My grandfather (mother's father) and the Palmer Raids

I have said in the past that I am not a political writer, and this is true. Yet my grandparents and mom lived so much in and with the urgent realities of politics that I end up having to talk about many different occurrences and movements.

After World War I, and in the wake of the Russian Revolution, actions by a certain group of anarchists elevated fears of /against foreign groups and alleged agitators blossomed into the Red Scare of 1919-1924 (the year that strict quotas against potential Southern and Eastern European immigrants were put into place). In 1919 and 1920, Attorney General Mitchell Palmer attempted to cast a wide net and compiled a list which named almost 60,000 supposedly "hyphenated American" dangerous radicals. Only a small fraction of them were actually deported, but the threat of deportation was quite real for most of them.

As a conscientious objector to World War I and the main writer and publisher of the Socialist Philadelphia Free Press (the predecessor of the Philadelphia Free Press of the 1960's-1970's), as well as a member of the Soldiers and Sailors Workingmen's Councils (a division of the IWW), and of course as someone who had not been born in the USA (he came here at the age of 3), my grandfather was a prime target for the Palmer Raids.

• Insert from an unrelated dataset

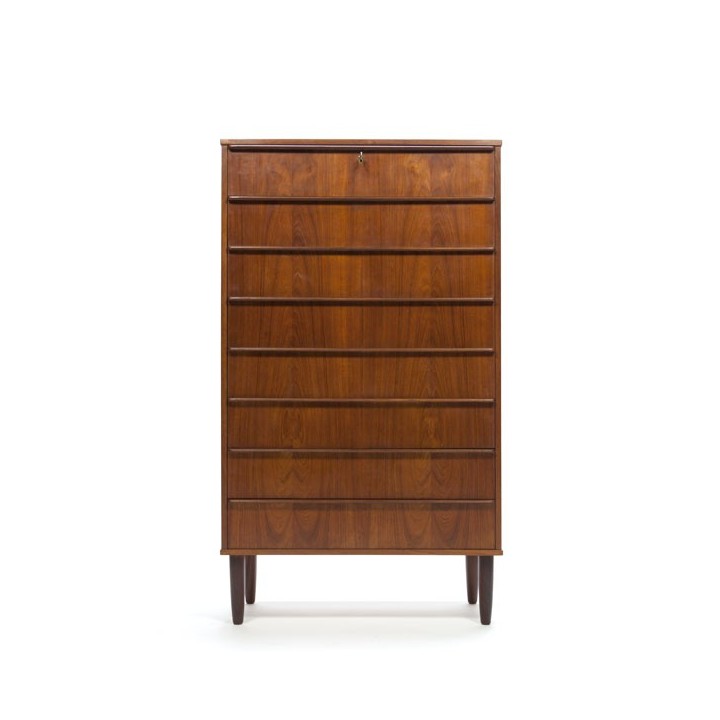 Danish dresser with 8 drawers - Retro Studio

The District Attorney of Pennsylvania, Francis Fisher Kane, was sympathetic to the accused and denounced the injustice of the raids. His office managed to tip off some of the potential targets. My grandfather was not even able to say goodbye to his mom; the contact arranged to get word to her.

His printing press was smashed, as was Marat's in the French Revolution.

He went south that evening and ended up working for different papers in Delaware, North Carolina and Georgia until the raids stopped and it was safe for him to go back north. By then, my great grandmother had relocated from Philadelphia to New York, and my grandfather became acquainted with the Village (Greenwich Village) and made many friends.

He also found out that two of his best friends had been deported in the Raids.